Ramsey experienced several years of financial recovery and began offering financial advice to couples at his local church. In 1988, he founded the Lampo Group, a financial counseling service, and in 1992 he wrote and self-published his first book, Financial Peace.
Ramsey began as one of three alternating hosts of The Money Game on radio station WWTN/Nashville in 1992. The show eventually became The Dave Ramsey Show, Ramsey's daily three-hour call-in financial advice talk show.
Financial Peace University, Ramsey's nine-lesson, video-based personal finance course, debuted in 1994. The Gannett newspaper group ran his financial column, though dropped it when the newspaper realized that Ramsey had changed the names on the letters to which he was responding. He offered to pay them their money back. The Dave Ramsey Show aired on the Fox Business Network from 2007 to 2010.
In 2014, The Lampo Group, Inc. was rebranded as Ramsey Solutions. The company's headquarters are located in Franklin, Tennessee, and a new 47-acre campus opened there in 2019.
Ramsey has written five books for adults, three of which were New York Times bestsellers, and six children's books. He was inducted into the National Radio Hall of Fame in 2015.
Teachings
Ramsey advises listeners to reduce debt using the debt snowball method, where debtors pay off their lowest balances first. Ramsey opposes the use of credit cards. At live shows, he sometimes takes out his wallet to show audiences the "only four pieces of plastic" he carries: A business debit card, a personal debit card, a driver's license, and a concealed-carry permit. Ramsey encourages the use of cash and advises families to utilize an envelope system, putting a cash allocation for each month's food, entertainment, and other expenses in separate envelopes and then spending only what is in the envelope. Ramsey encourages people not to take on student loan debt and calls the idea that student loans are required for college "a myth".
Personal life
Ramsey married his wife Sharon in 1982, and the Ramseys have three children, including Rachel Cruze. All three work for Ramsey Solutions. With Ramsey, Cruze co-wrote and published the New York Times No. 1 bestseller Smart Money, Smart Kids in 2014.

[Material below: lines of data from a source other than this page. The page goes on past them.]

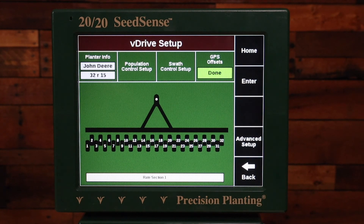If you have questions, give us a call at Precision Planting product support or call your local Premier Precision Planting dealer. Thank you.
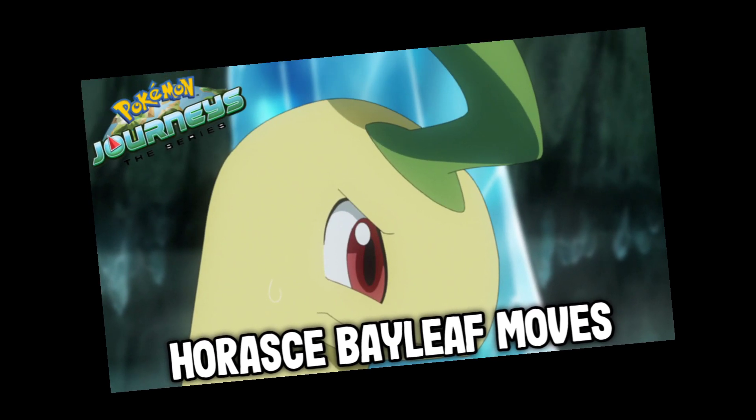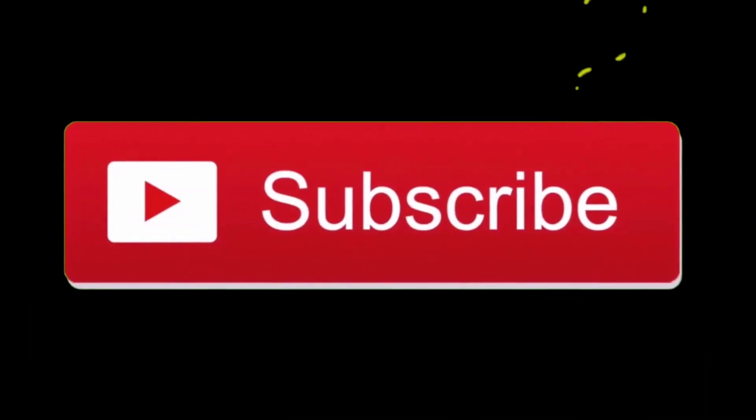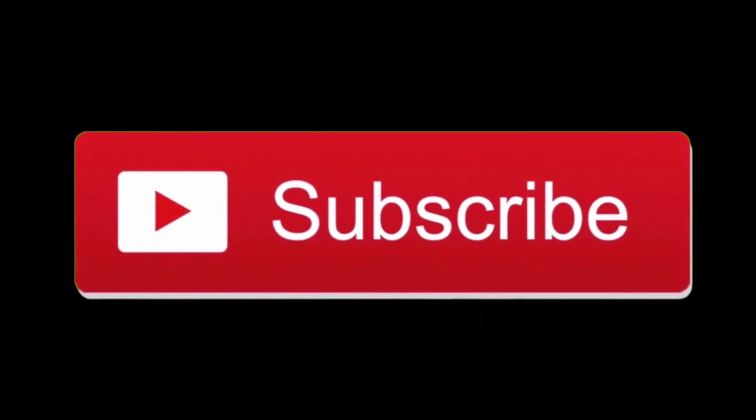Hello guys, welcome back to the channel. Today I'm back with another video. In this video I'm gonna show you guys horse bay leaf moves. But before we start, if you're new to this channel please consider subscribing, and if you like the video make sure you share this with your friends and like the video. Now without wasting any more time, let's start.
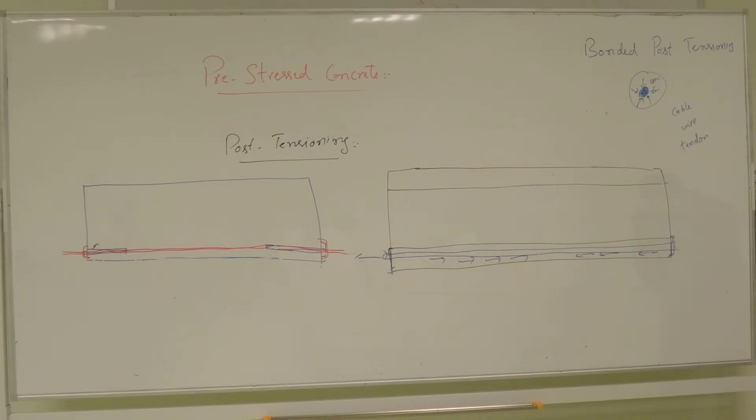What are the advantages of unbonded post-tensioning? Post-tensioning, which is a form of pre-stressing, has several advantages over reinforcement bars. It reduces shrinkage cracking, it allows slabs and other structural members to be thinner, and it allows us to build slabs on soft and expansive soils.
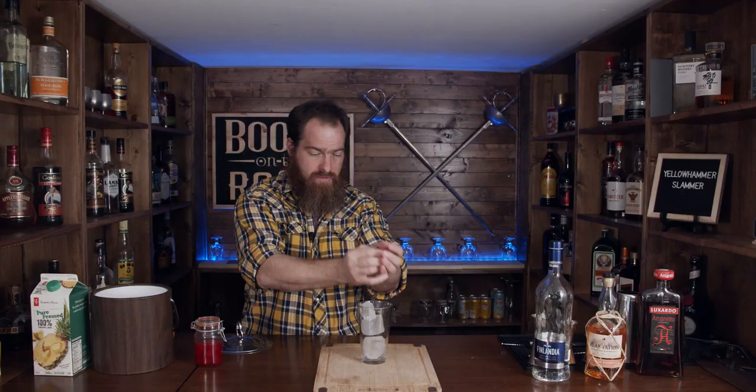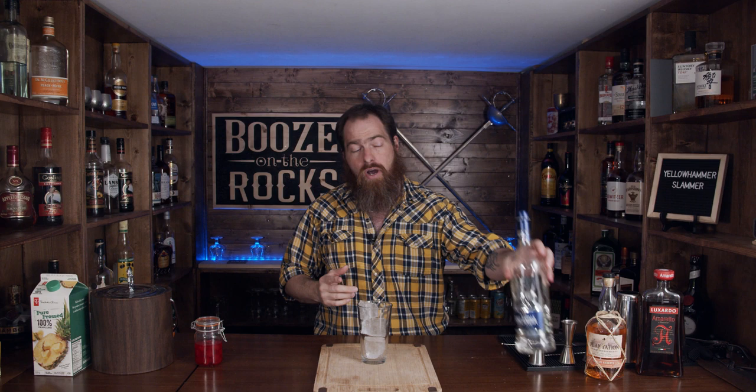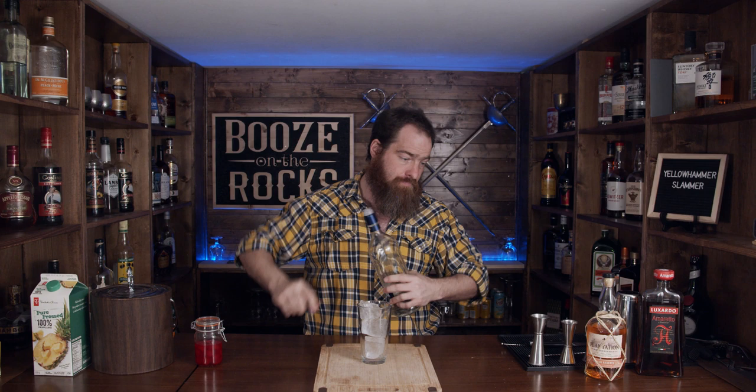Now I'm going to use one of my big glasses here that I would normally use as a Boston glass, and I'm cutting this recipe in half because I really just don't have a glass big enough for this. So the first thing we need is some ice — a good handful of ice to this glass. And we need some vodka: one ounce of vodka. I've got a Finlandia vodka here and one ounce works out to 30 milliliters.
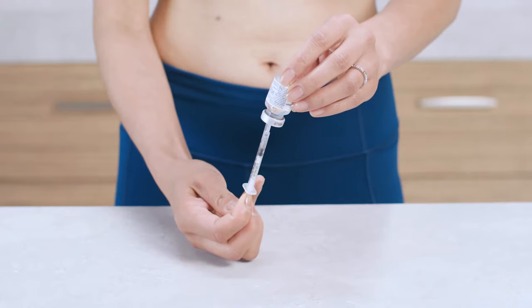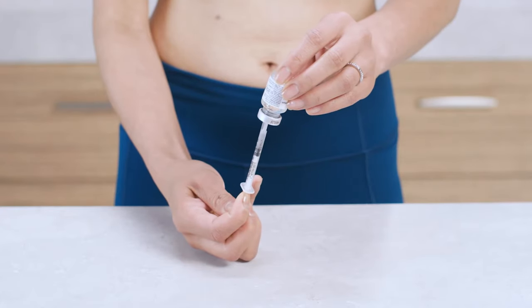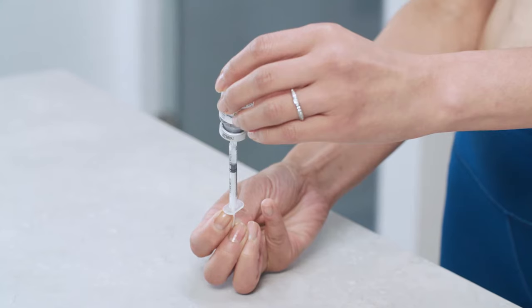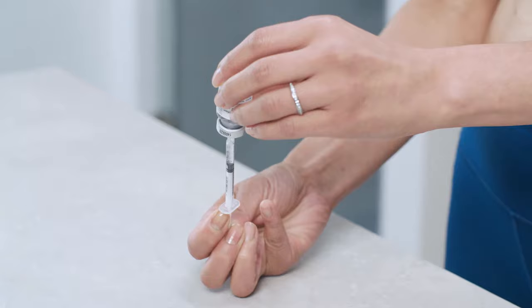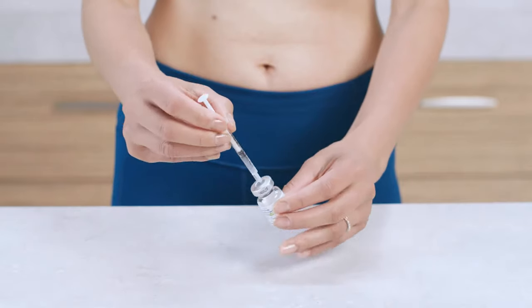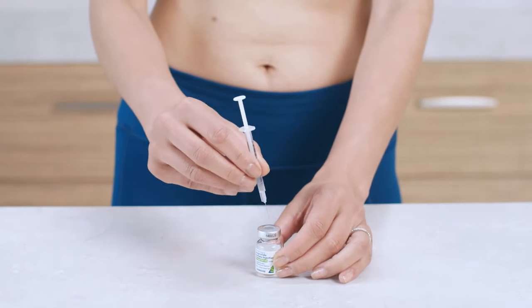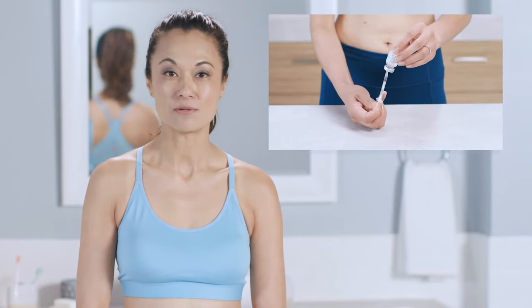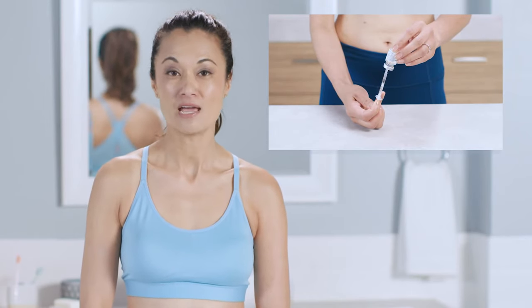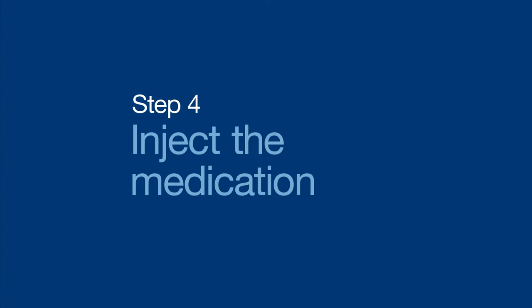Make sure the tip of the needle stays submerged in the solution as you slowly pull back the plunger to withdraw your dose. This is especially important as the amount of medication decreases in the vial over time. With the needle and vial still upside down, check to see if there are any air bubbles inside the syringe. If there aren't any, remove the needle and syringe from the vial and replace the cap. If you see bubbles, press the plunger to push the bubbles back into the vial. You'll have to withdraw your dose again, so repeat the earlier step of submerging the tip of the needle in the solution and slowly pull back the plunger to withdraw your dose.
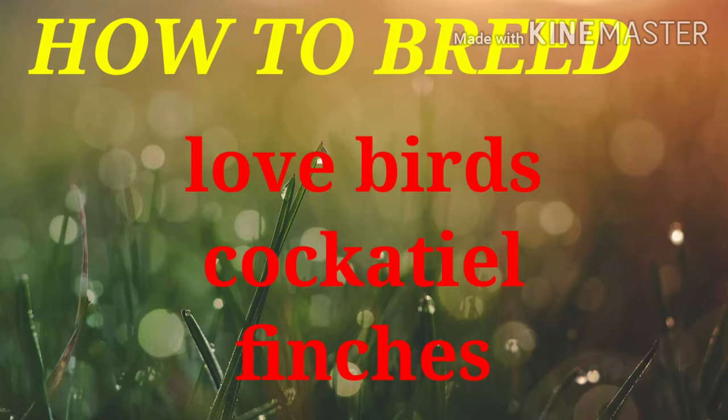Hi, hello. I am UK Pet Mart. If you want to subscribe to our channel, I will show you a new update idea.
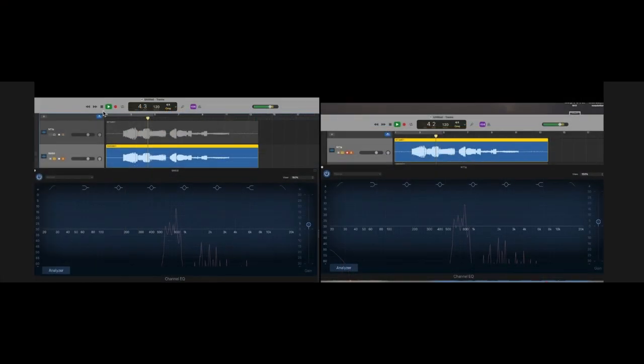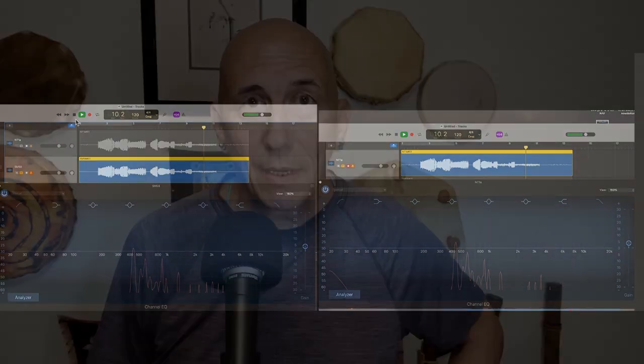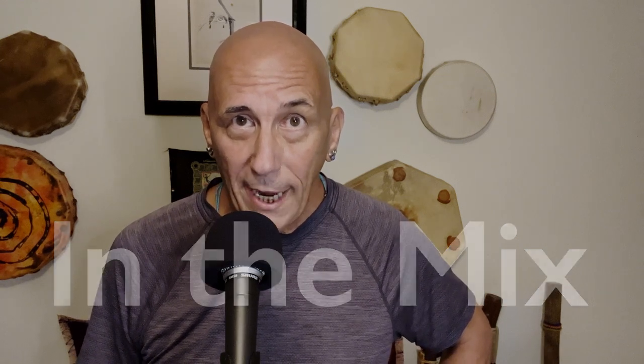Here are snapshots of the same moment in the track side by side — a louder moment from early in the track. The SM58 is on the left, NT1A on the right. The primary frequencies look pretty similar, but you can see how different the structure is in the higher frequencies. And here are snapshots from a very quiet moment later in the track — it actually looks like the SM58 might be hearing the higher frequencies at a higher level than the NT1A at this playing level. This was a basic and in some ways rather crude comparison. If you want to hear a master recording engineer talk about these things in depth, I'd highly recommend the In The Mix channel.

Ramsey had an estimated net worth of $55 million as of 2018. He sold his custom-built home in the Nashville, Tennessee area for $10.2 million in 2021 after living there for over a decade. A spokesperson said he was having another home built in the area.
Ramsey is an evangelical Christian who describes himself as conservative, both fiscally and culturally. He has blamed politics for what he considers Americans' economic dependence, and has said presidents should do "as little as possible" about the economy.